The funny thing about this thread is that Mrs. Clinton’s plan is emphatically not universal health care. Do not worry everyone, the HMOs are pleased. The massive, inefficient bureaucracy will stay in place, for now.
That is unfortunate.
As for your son, the reason I think I should help him (and he should help me, since I’m around his age) is that any day, something really shitty could happen to one of us. Your son, it appears, would be totally fucked, unless you are personally wealthy and would wish to help him out. As for me, my insurance could easily screw me. I’m just very happy I’m healthy, with no chronic conditions, and that I have a rather boring life style.
But it happens all the time in America, people think they have good health insurance and when the day finally comes when they really need it – they find themselves lost in the wilderness. It happens because the goal of the insurance companies is to make a profit, and that means not treating the sick under many circumstances. There’s simply too much documentation, too many reports on this point, too many millions of people with horror stories – the grand experiment is over and it’s a failure. Its major success has been the siphoning away of billions (trillions?) of dollars which should have gone to treat the sick and injured. As a result, people die and suffer and families are destroyed.
You do realize “countries with universal health rationing” includes major, advanced industrial societies, right? This may come as a surprise, but they actually do medical research.

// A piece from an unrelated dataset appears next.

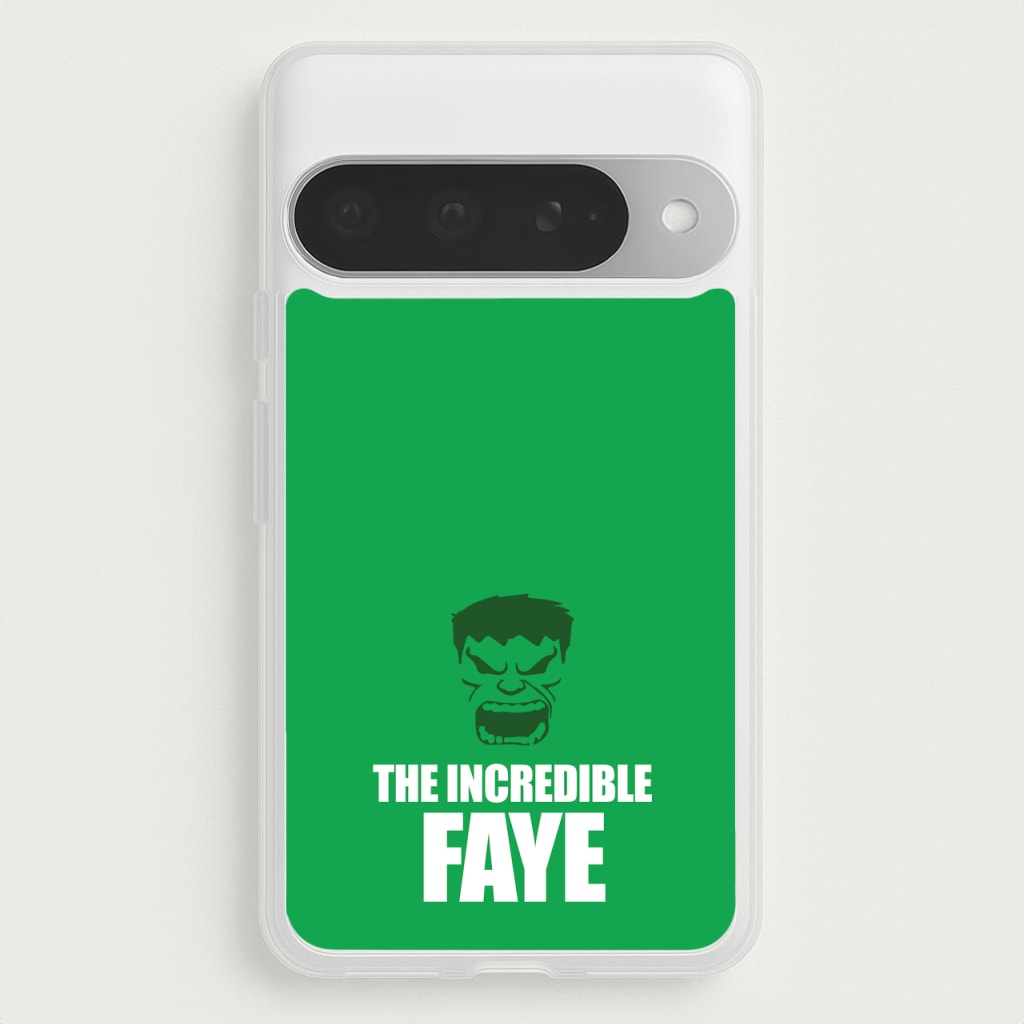 Hulk - Personalised Superhero Comic Phone Case for Google Pixel 10 Pro XL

As for the United States, we’re practically communists already – we pour tens of billions of tax payer dollars into the NIH (National Institutes of Health) every year and have them perform major research in many different fields, with a bright history. Not to mention publicly funded university research which is then given to private interests.

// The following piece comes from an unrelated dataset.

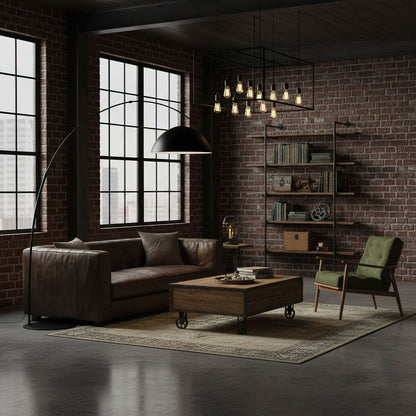 Verse Arc Floor Lamp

I guess I’d ask what your criteria for judging a health system is then. Maybe I am being too bold, but I would imagine most people would evaluate a system by what you receive in return for the investment.
So if system A spent three times the amount of system B and system B had far better results, system B is better than system A. In fact, system A would be a complete failure. Yes?

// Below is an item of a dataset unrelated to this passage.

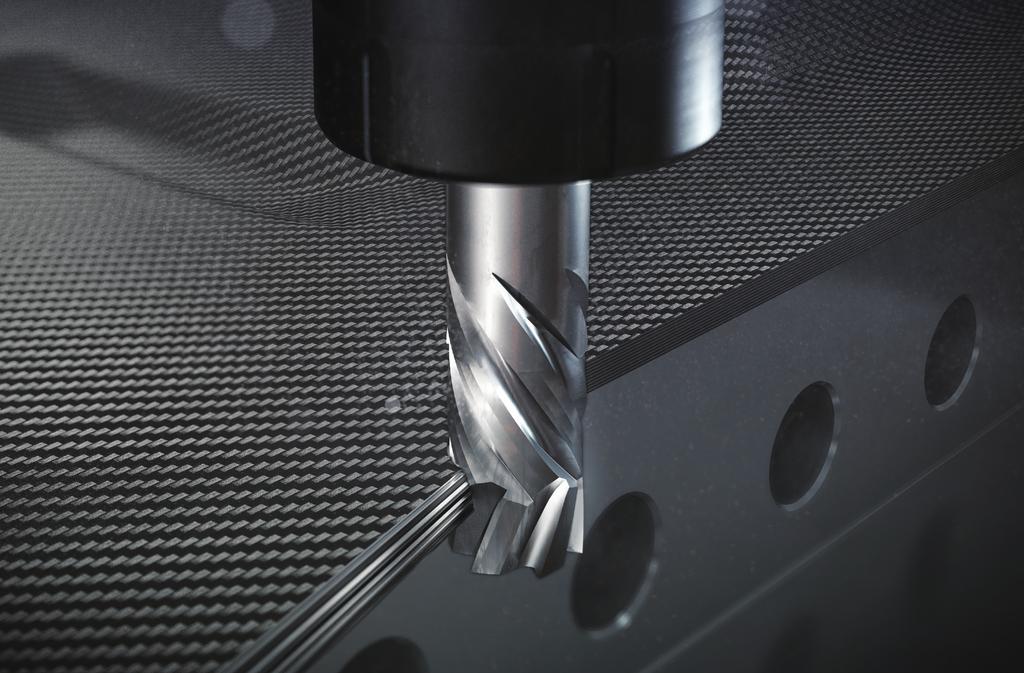 D-POWER Your choice in milling / trimming CFRP.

Well, the U.S. has embarrassing figures in just about any health related metric one can name, figures which can at times be compared to poor developing nations. And for this we have the most expensive system in the world. What a bargain.
Well, you basically said if we want more butter we’re going to need to cut the guns. I agree, of course (the massive snark in another thread notwithstanding). The problem is I don’t see us cutting the guns. That is to say, we ain’t leaving Iraq.